Truck painting is a popular form of indigenous art in Pakistan and other South Asian countries, featuring floral patterns and poetic calligraphy. Such trucks are also known by the slang term jingle truck.
Many trucks and buses are highly customized and decorated by their owners. External truck decoration can cost thousands of dollars. The decoration often contains elements that remind the truck drivers of home, since they may be away from home for months at a time. Decoration may include structural changes, paintings, calligraphy, and ornamental decor like mirror work on the front and back of vehicles and wooden carvings on the truck doors. Depictions of various historical scenes and poetic verses are also common. Outfitting is often completed at a coach workshop. Chains and pendants often dangle off the front bumper.
Karachi is a major city center for truck art, though there are other hubs in Rawalpindi, Swat, Peshawar, Quetta and Lahore. Trucks from Balochistan and Peshawar are often heavily trimmed with wood, while trucks from Rawalpindi and Islamabad often feature plastic work. Camel bone ornamentation and predominance of red colours is commonly seen on trucks decorated in Sindh.

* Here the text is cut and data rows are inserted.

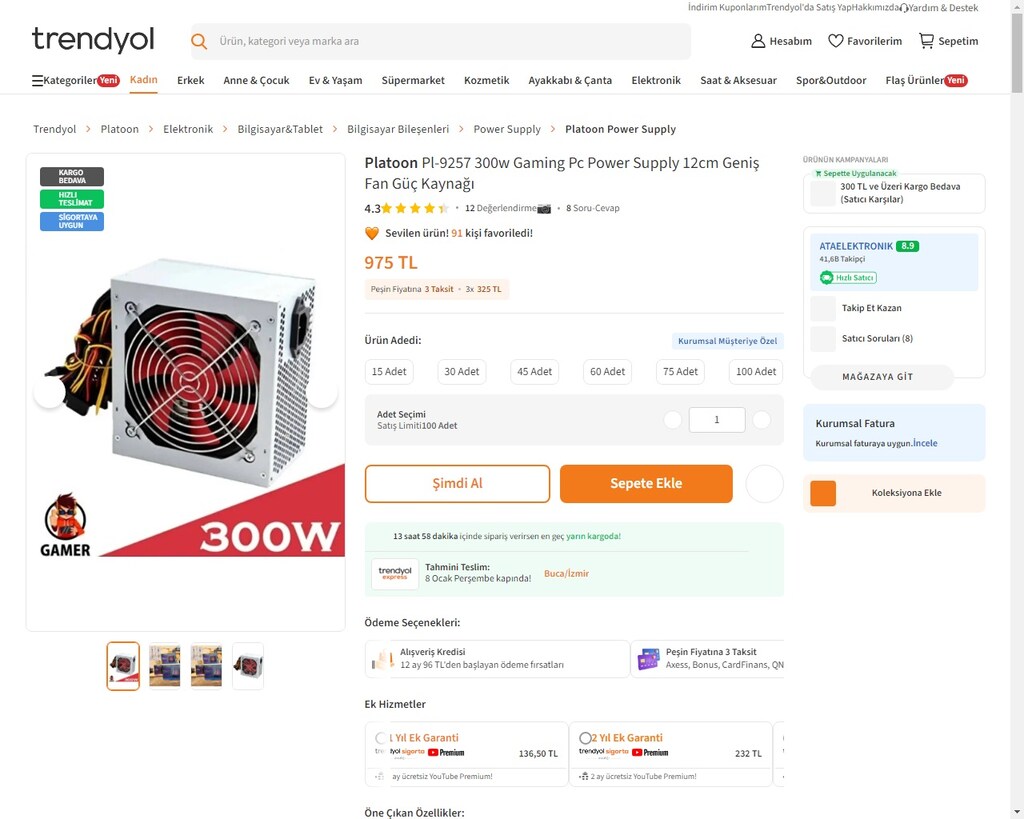 300 Watt Power Supply (sıfır) - 5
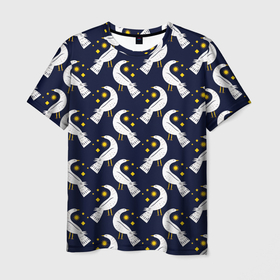 Мужская футболка 3D с принтом Ночная птица в Екатеринбурге, 100% полиэфир | прямой крой, круглый вырез горловины, длина до линии бедер | 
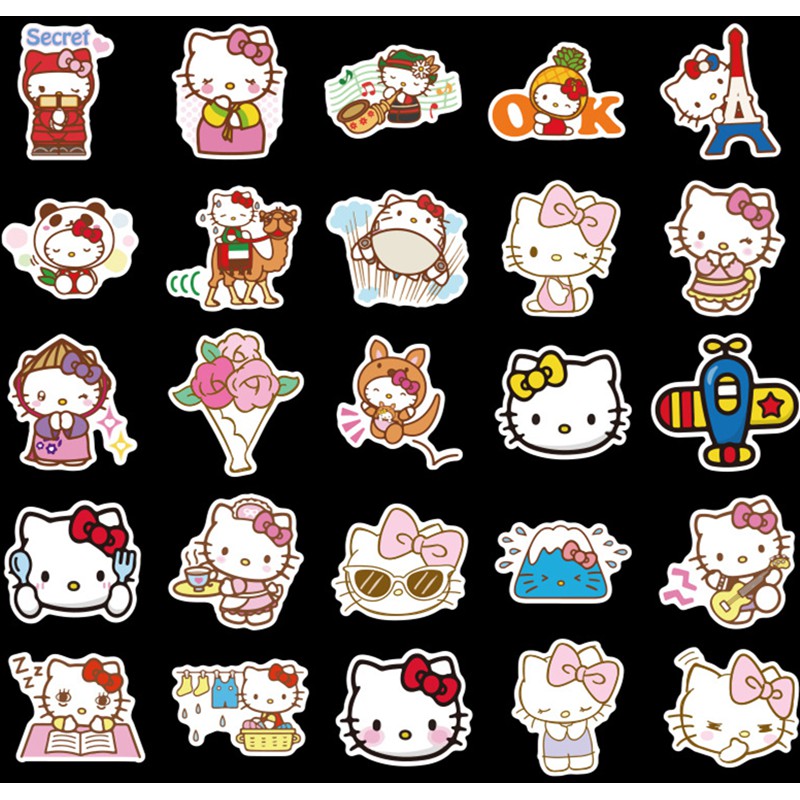 Set 100 Hình Dán Hello Kitty Chống Thấm Nước Dùng Để Trang Trí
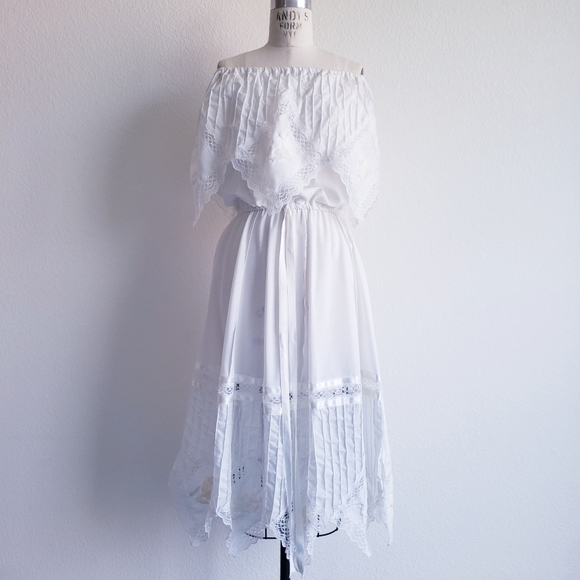 white mexican style dress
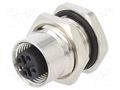 Connector: M12; socket; PIN: 4; female; 125V; vertical; IPX7; THT ATTEND 216A-04FSF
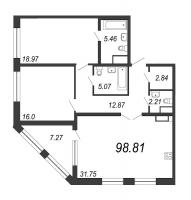 3 ккв (Евро) № 69р Дом: 32В Корп.: 1 , Секция 16  в ЖК Дефанс Премиум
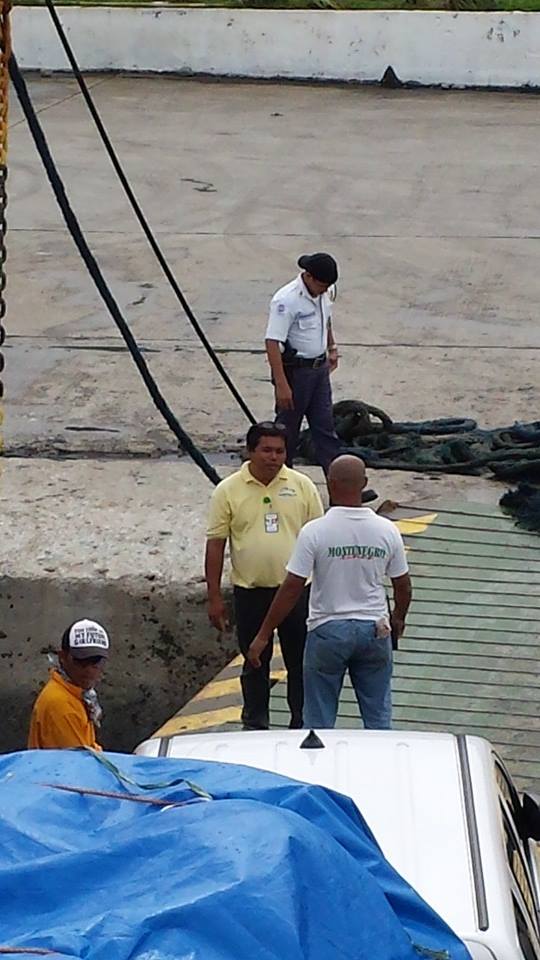 Librado's photo on her Facebook account shows Lipata port workers blocking their cars from boarding the ferry.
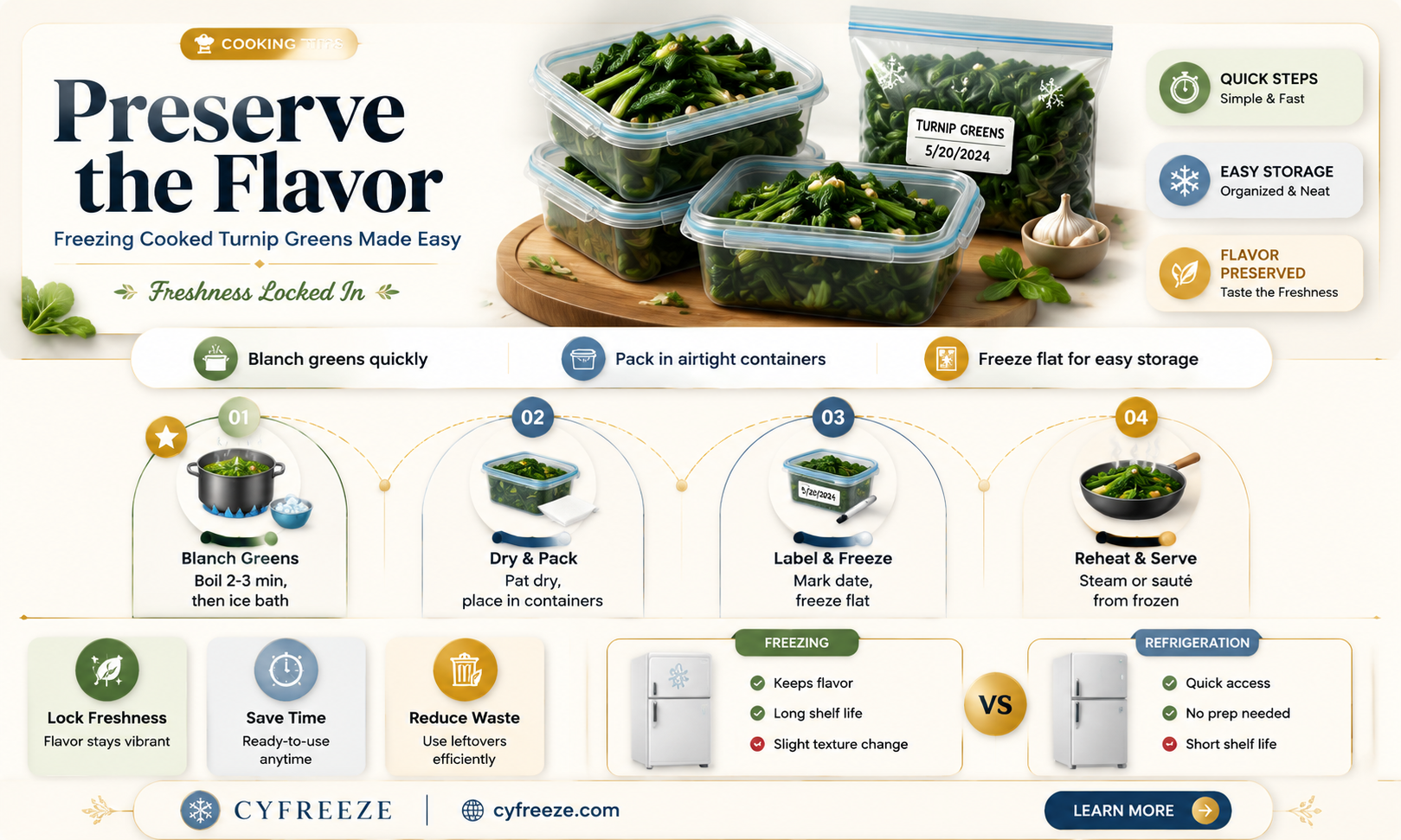 can you freeze cooked turnip greens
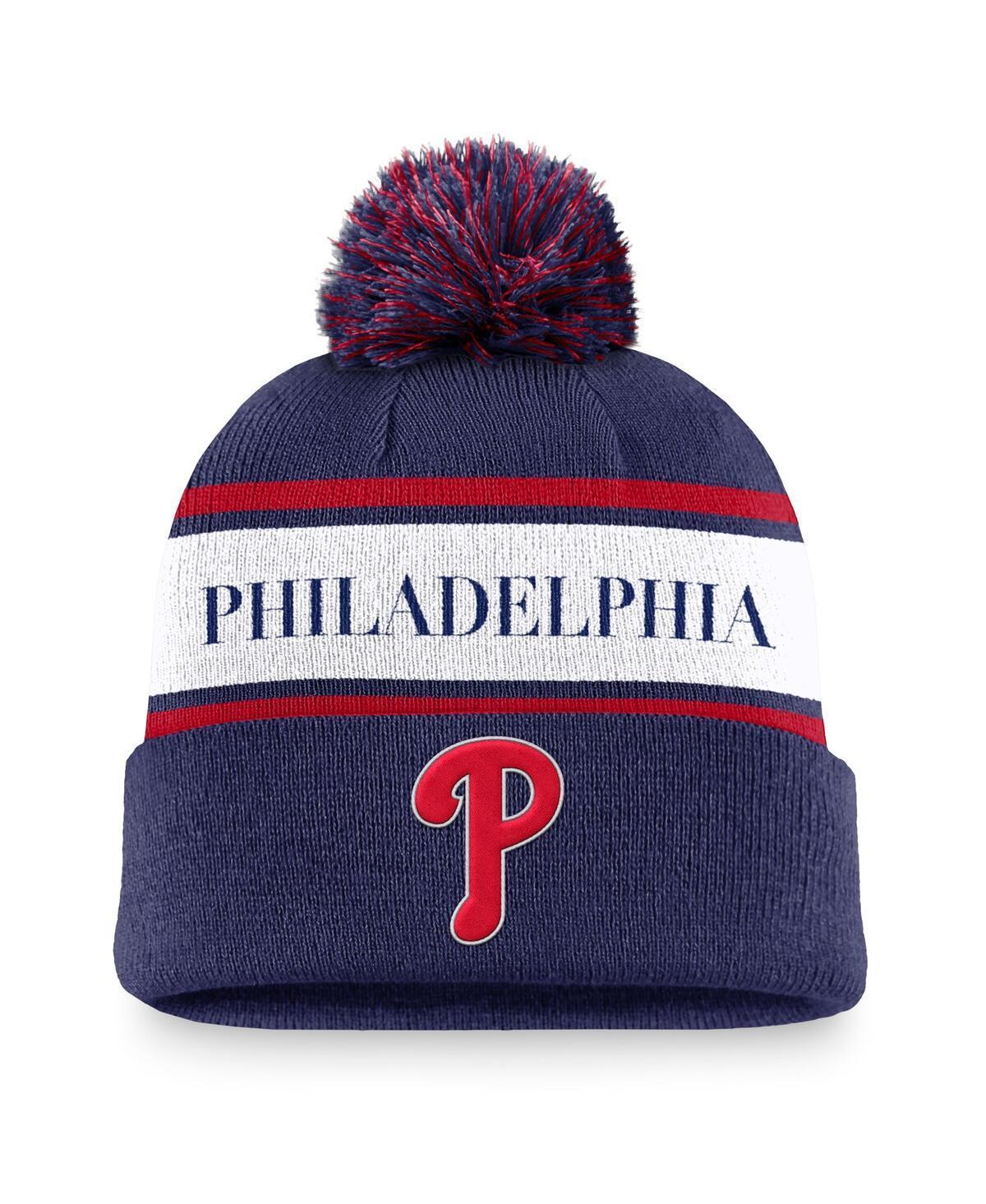 Philadelphia Phillies Team Stripe Peak Nike Mens MLB Cuffed Pom Beanie Product Image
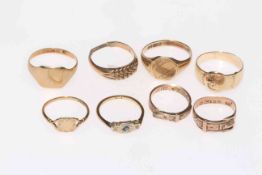 Collection of eight 9 carat gold rings.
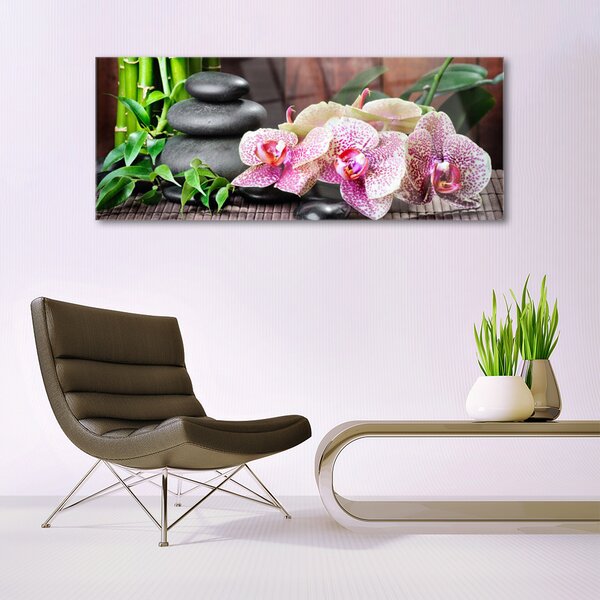 Tablou pe sticla Bamboo pietre Flori Floral Verde Gri Roz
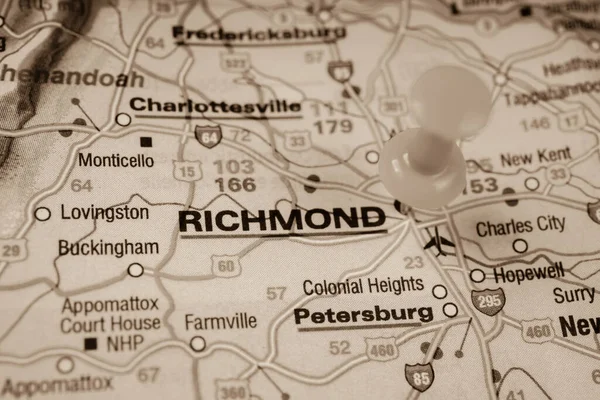 Richmond Στο Ιστορικό Ταξιδιού Χάρτη — Φωτογραφία Αρχείου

The term comes from United States military slang, coined by servicemen in Afghanistan, although it may date to the British colonial period. The term came to be because of the "jingle" sound that the trucks make due to the chains hanging from the bumpers of the vehicles.
Truck art has extended beyond the decoration and ornamentation of trucks into other forms and media.
Though cars are not traditionally decorated in South Asia, there are examples of cars embellished in a truck art style. In 2009, The Foxy Shahzadi, a 1974 VW Beetle decordated in a truck art style, traveled from Pakistan to France over a 25-day journey.